▶ _Work instructions_:
Where in the data does the word "Cotton" appear? Find those lines and copy them.

▶ _Provided information_:

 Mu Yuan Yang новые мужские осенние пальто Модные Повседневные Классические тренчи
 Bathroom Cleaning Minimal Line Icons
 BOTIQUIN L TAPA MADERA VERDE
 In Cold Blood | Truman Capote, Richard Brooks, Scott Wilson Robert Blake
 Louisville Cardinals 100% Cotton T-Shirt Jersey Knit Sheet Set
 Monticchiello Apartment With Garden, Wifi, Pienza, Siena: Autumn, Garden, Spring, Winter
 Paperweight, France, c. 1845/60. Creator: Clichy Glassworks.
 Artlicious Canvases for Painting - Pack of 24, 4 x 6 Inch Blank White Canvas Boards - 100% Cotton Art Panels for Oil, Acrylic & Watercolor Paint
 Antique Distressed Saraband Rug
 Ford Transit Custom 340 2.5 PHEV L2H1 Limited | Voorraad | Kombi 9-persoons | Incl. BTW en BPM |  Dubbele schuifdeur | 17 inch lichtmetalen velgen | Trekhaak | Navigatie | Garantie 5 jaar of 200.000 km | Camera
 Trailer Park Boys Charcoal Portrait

▶ _Response box_:
 Louisville Cardinals 100% Cotton T-Shirt Jersey Knit Sheet Set
 Artlicious Canvases for Painting - Pack of 24, 4 x 6 Inch Blank White Canvas Boards - 100% Cotton Art Panels for Oil, Acrylic & Watercolor Paint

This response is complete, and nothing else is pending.